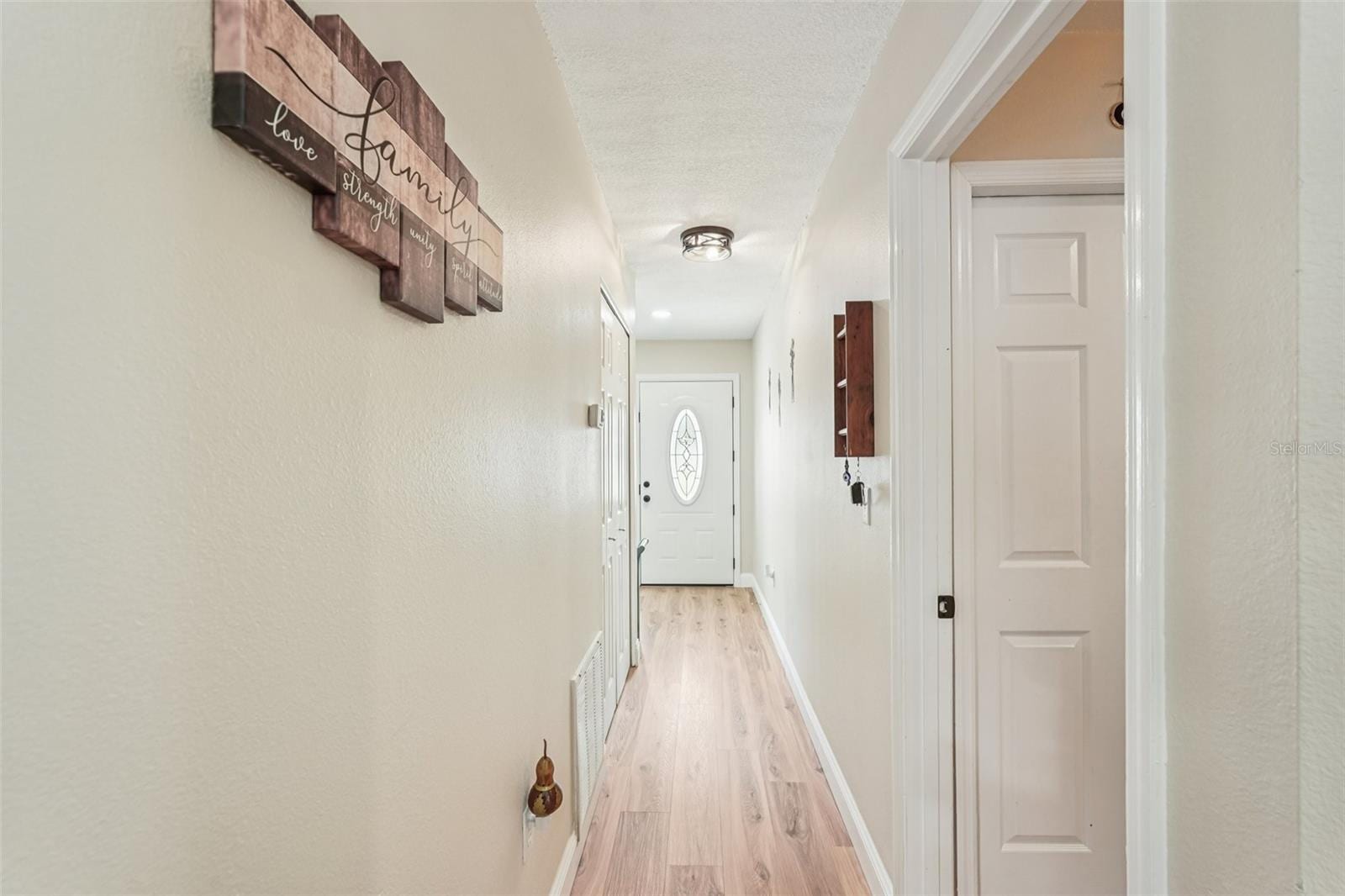 2304 Seattle Slew Dr photo 2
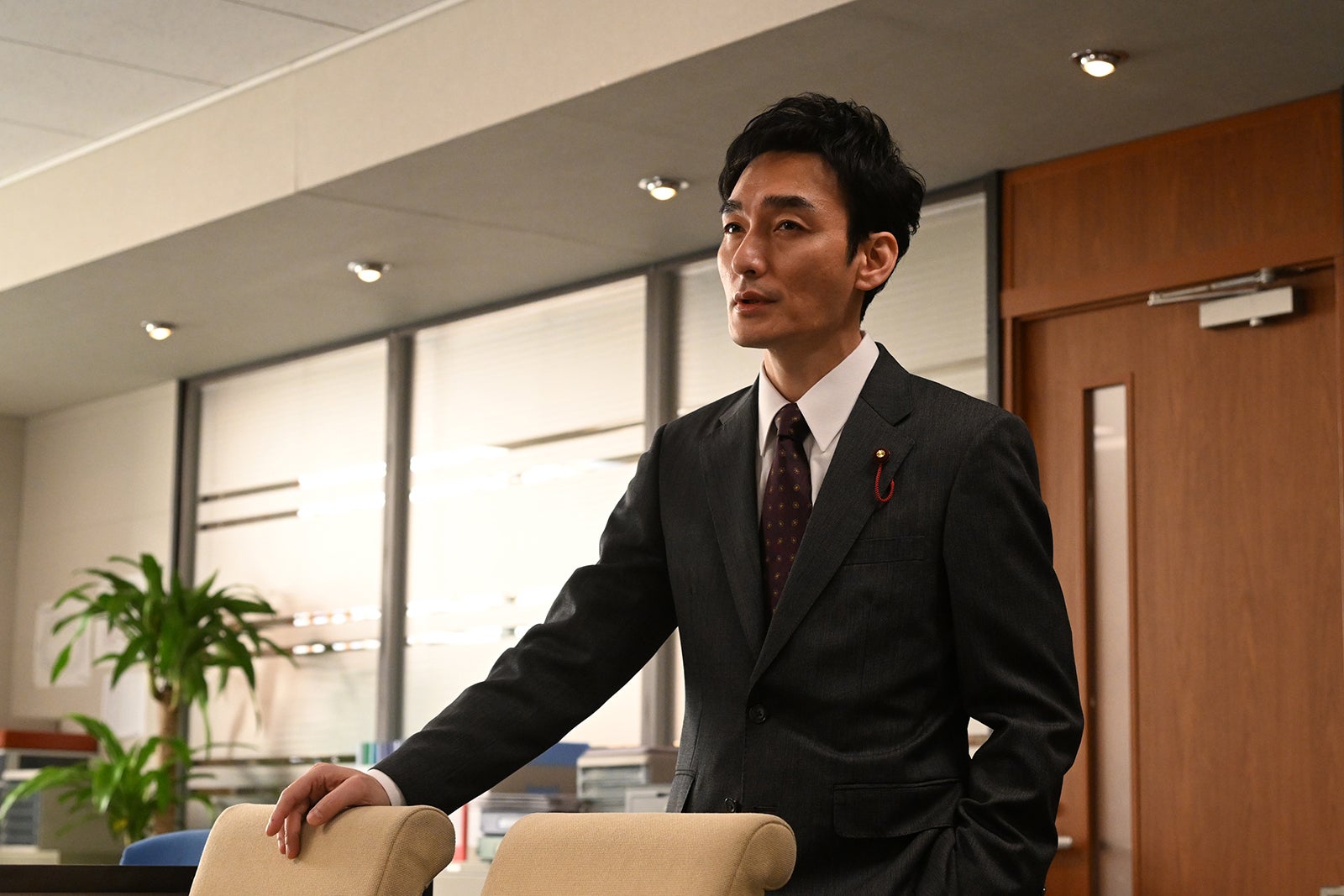 草なぎ剛 「罠の戦争」第8話より（C）カンテレ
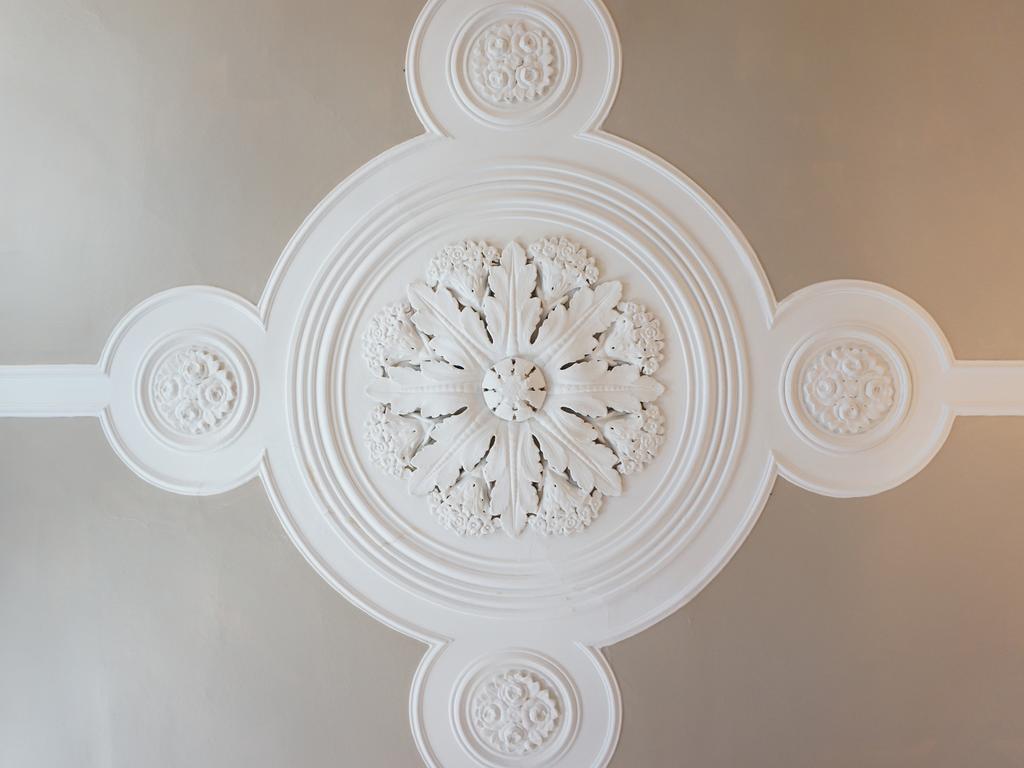 Apartment with Terrace,319748025:JPEG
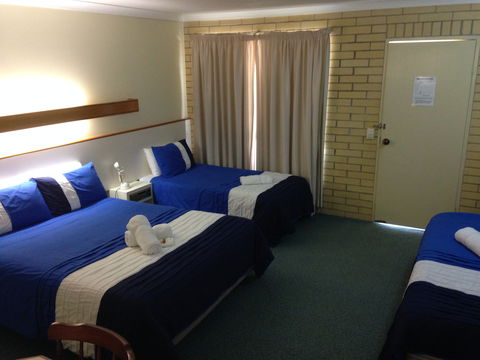 Country Rose Motel - Australian Destinations 2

--- --- ---

Exercise directions: Repeat the lines above precisely and skip every picture.

Answer box:
 2304 Seattle Slew Dr photo 2
 草なぎ剛 「罠の戦争」第8話より（C）カンテレ
 Apartment with Terrace,319748025:JPEG
 Country Rose Motel - Australian Destinations 2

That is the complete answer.